Voice controlled technologies are growing in popularity everywhere. From home automation to cab booking or ordering a meal, customers are getting pampered with the luxury of using voice to control things around them.

In this blog post, I present a tutorial to build a voice-activated Oxford dictionary using Amazon Alexa. You can talk to the dictionary and ask for definitions, example usage, synonyms or antonyms of any English word present in the Oxford dictionary.

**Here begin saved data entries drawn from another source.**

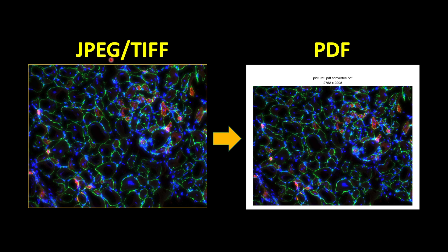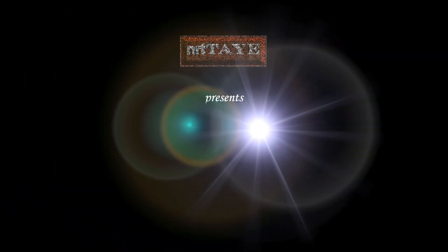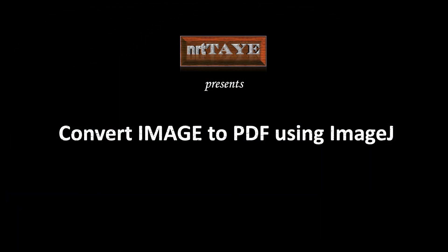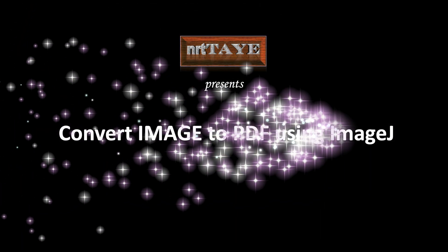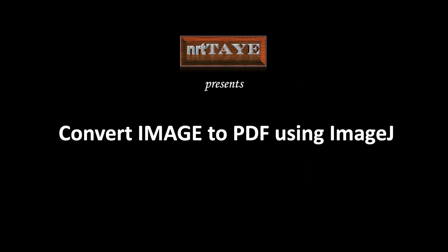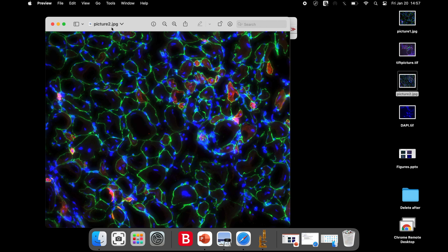In this tutorial, let us learn how to convert image into PDF using ImageJ software. For this tutorial, we will be using both a JPEG and a TIFF format image for demonstration.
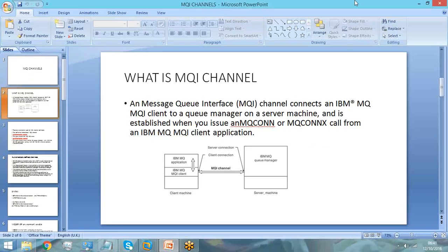One important thing — MQI channel is a bi-directional channel. I told you message channels are unidirectional. A sender channel can only send messages. If you create a receiver channel, it will only receive messages. That's why message channels, when you configure them, you have to configure them in pairs, because it is unidirectional — one can send, one can receive.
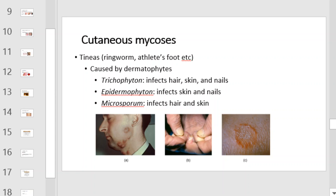Cutaneous mycoses. Tinea, or ringworm, also known as athlete's foot, is caused by dermatophytes. Trichophyton infects the hair, skin, and nails. Epidermophyton infects the skin and nails. And Microsporum infects the hair and skin. These mycoses are all fungal infections, although a term such as ringworm might lead one to believe that this is a disease caused by a worm.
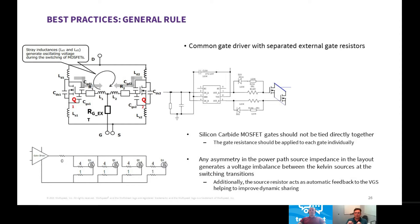Basic principles — pretty much what you would do in silicon. No real deviation from those same principles. That's good, that's clear. It's clear to see a good deal of care and attention is needed with the gate resistors when you're paralleling SiC devices.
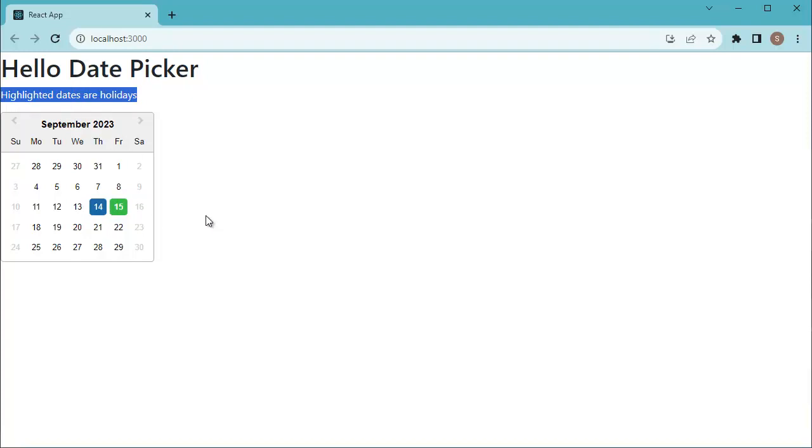So this is one of the additional useful features which we can add in our date picker or calendar. That's it guys for this video.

Dictionary Bot – A Voice Controlled Dictionary Assistant

Often I stumble across some word from a classic English literature. I get hold of a dictionary, locate the word and then read the print in a tiny font. This can be irritating at times. And oh yes! I can Google for that word on my smartphone but then I run the risk of getting lost in the online world. Besides, none of these things really interact with me. What if I have a gadget to which I can literally ask about the word and it tells me the meaning and even example usage of that word?

dictionary_3

This idea seemed fascinating to me and after a bit of research, I was able to successfully build a talking dictionary bot. The dictionary bot listens to my questions about meanings, synonyms, antonyms of any English word and gets answers straight from the definitive record for the English language – The Oxford Dictionary.

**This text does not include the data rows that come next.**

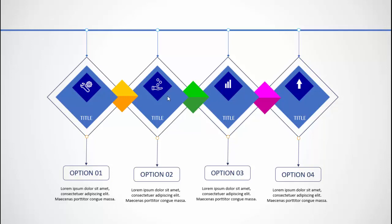Hello and welcome to my YouTube channel PowerPoint University. In this tutorial I'm going to show you a very unique and different four-step infographic slide in PowerPoint. So let's start.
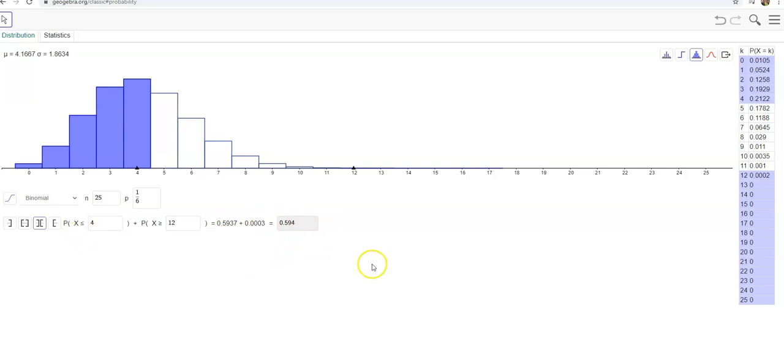So that's how you can use GeoGebra to find probabilities for binomial distributions. Have a fantastic day.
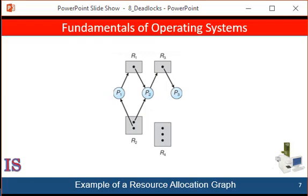Note that a request edge points only to the rectangle Rj, whereas an assignment edge starts at one of the dots and points to the process. When process Pi requests an instance of resource Rj, a request edge is inserted in the resource allocation graph. When this request can be fulfilled, the request edge is instantaneously transformed into an assignment edge. When the process no longer needs access to the resource, it releases it, and the assignment edge is deleted.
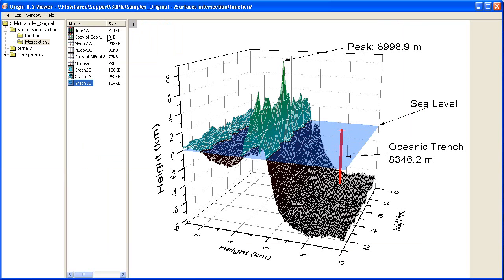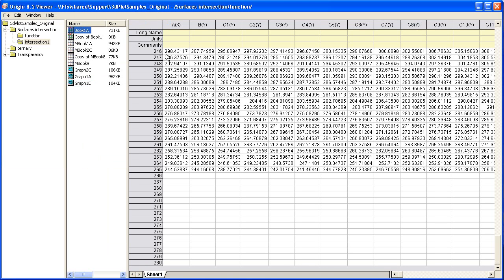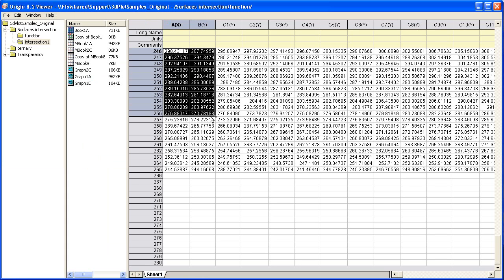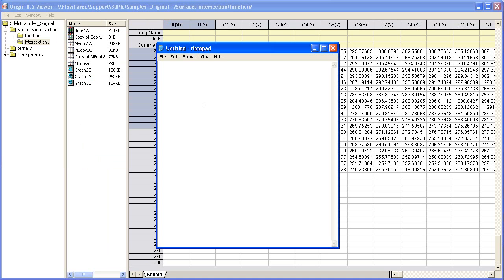The same can be done for Origin worksheets, but can be done without opening a separate window. Simply copy some subset of the data with Control-C or Edit Copy, and paste to an application such as Notepad.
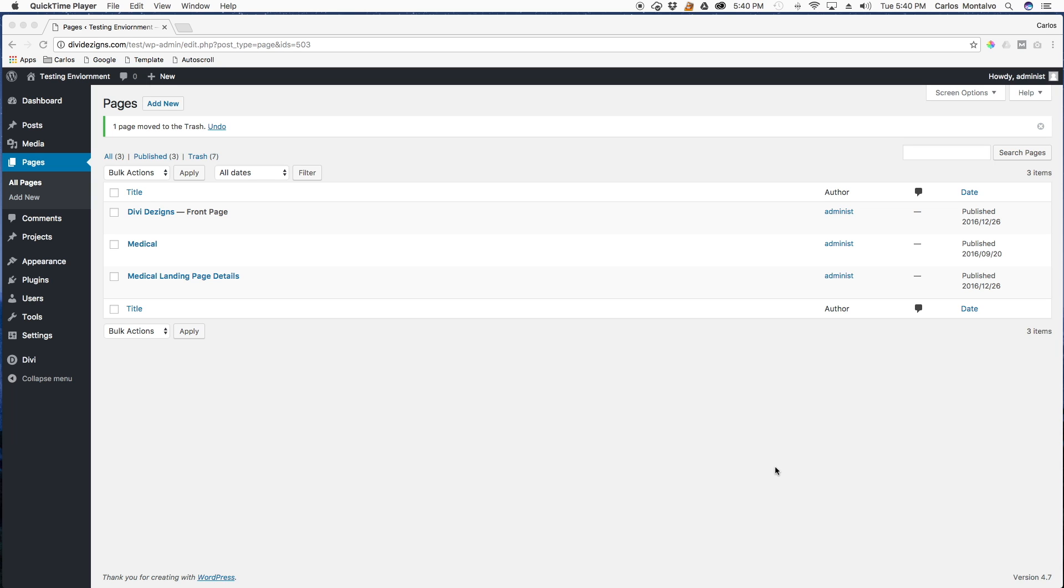For the purpose of this demonstration, I'll be using the medical landing page layout. So let's get started.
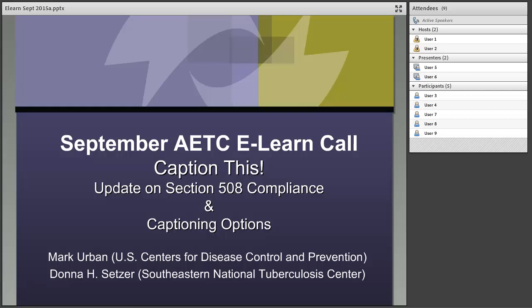Welcome to the eLearn call. My name is Judy Collins and I am program coordinator at the ATC National Coordinating Resource Center. I'll be facilitating the eLearn calls, which is new for me. Many of you may know that this role was occupied by our former colleague Jenna Hardwell, who moved this summer. We wish her well, and I will do my best to fill her very big shoes.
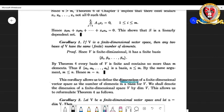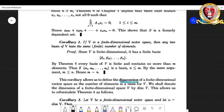A basis is a linearly independent set. If another set {α₁, α₂, ..., αₙ} is also a basis, both being linearly independent, by Theorem 4 we get n ≤ m. Similarly, considering {α₁, ..., αₙ} as a basis — it is linearly independent, and {β₁, ..., βm} is also linearly independent as a basis — we get m ≤ n. Combining both inequalities, we conclude m = n.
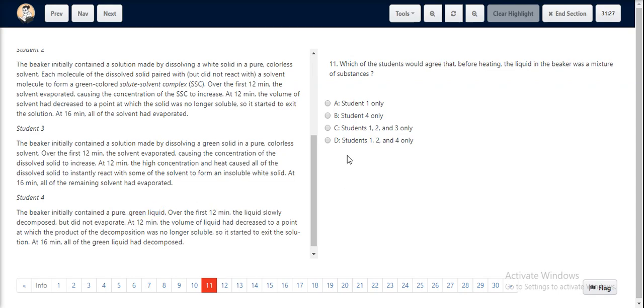Hence, students 1, 2, and 3 only agree to the fact that the liquid in the beaker was a mixture before heating. Hence, option C is our correct choice.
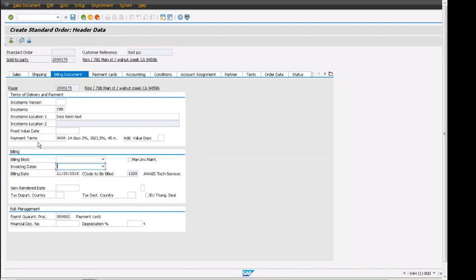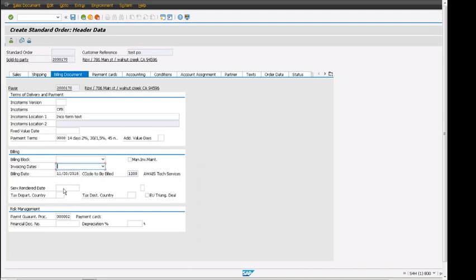The important sections are terms of delivery and payment, billing section, and risk management. These are the main areas in the billing document. The billing date proposes when we enter the order, and the service render date is for tax calculation.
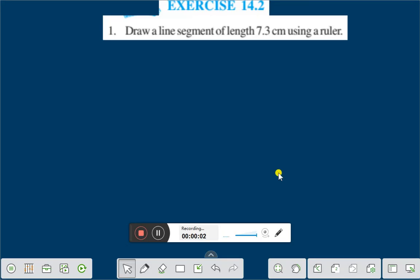Hello everyone. Today we shall discuss exercise 14.2 question number 1. Draw a line segment of length 7.3 cm using a ruler.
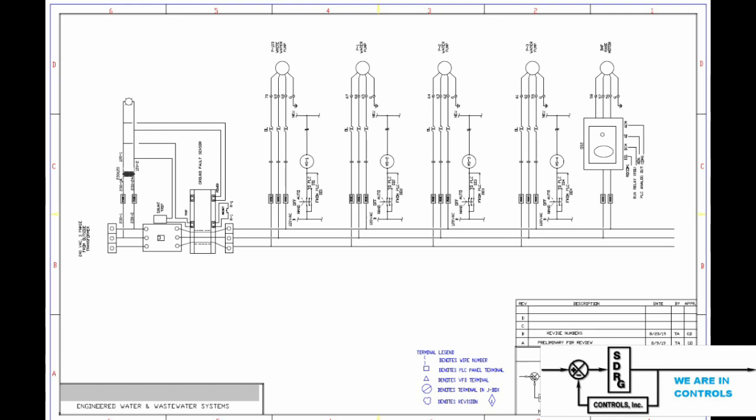The next step was to develop a complete set of wiring diagrams. These diagrams showed where all the wires were connected, both internal to the panel and out in the field, so everything would fit together. That way we could start building the panel to ship to the field, and the field people would know how to make the connections out there.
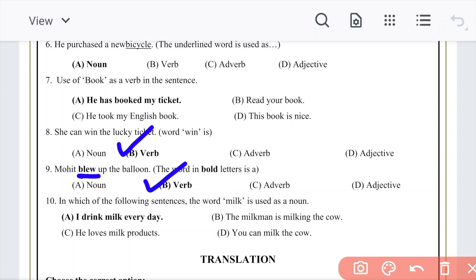For the word 'milk' used as a noun: 'I drink milk every day' — here 'milk' is a noun. In the option 'milk the cow,' it is used as a verb. So the right answer as a noun is option A: 'I drink milk every day.' Dear students, I hope all the questions are now well understood. Please revise this sheet.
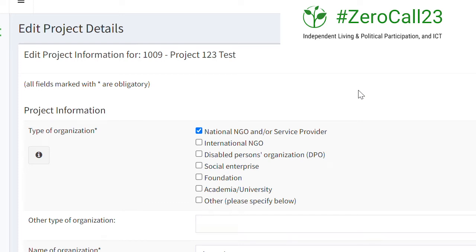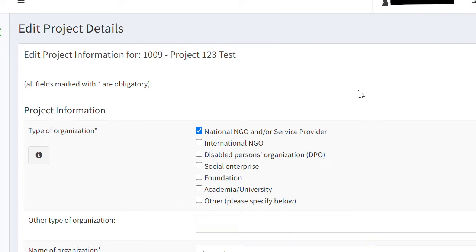How to save and continue your Zero Call 23 nomination at a later stage. If you wish to save your progress on the Zero Call 23 questionnaire and continue at a later stage,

This blog post is an effort to document the building process of this dictionary bot. You can build one for yourself and enjoy this voice-controlled dictionary. You can even present it as a gift to your kids and help them expedite their learning of English language!

 

Introduction to Amazon Alexa

Alexa doesn’t really need an introduction. For those of you who don’t know, Alexa is a voice service from Amazon which provides a Voice User Interface (VUI) for you to interact with the world. Alexa can answer questions about weather, facts, history or play music, set alarm. You can access Alexa service with the hands-free smart speaker Echo or similar products from Amazon.

In addition, Amazon has put the power of Alexa in the hands of developers. To leverage the artificial intelligence behind Alexa, you develop a ‘skill’ to add more capabilities and features of your own to Alexa.

In this project, we will develop such a custom skill so that Alexa is able to retrieve and present you the information from Oxford dictionary for your query. If you are interested to know more about Alexa, here is a good information to start with.

[thrive_text_block color=”teal” headline=”Also Check Out This Home Automation Demo Built Using Alexa”]

Sometime back we used Alexa to build a voice-controlled home automation system. You can check out the post along with the complete build instructions, in two parts.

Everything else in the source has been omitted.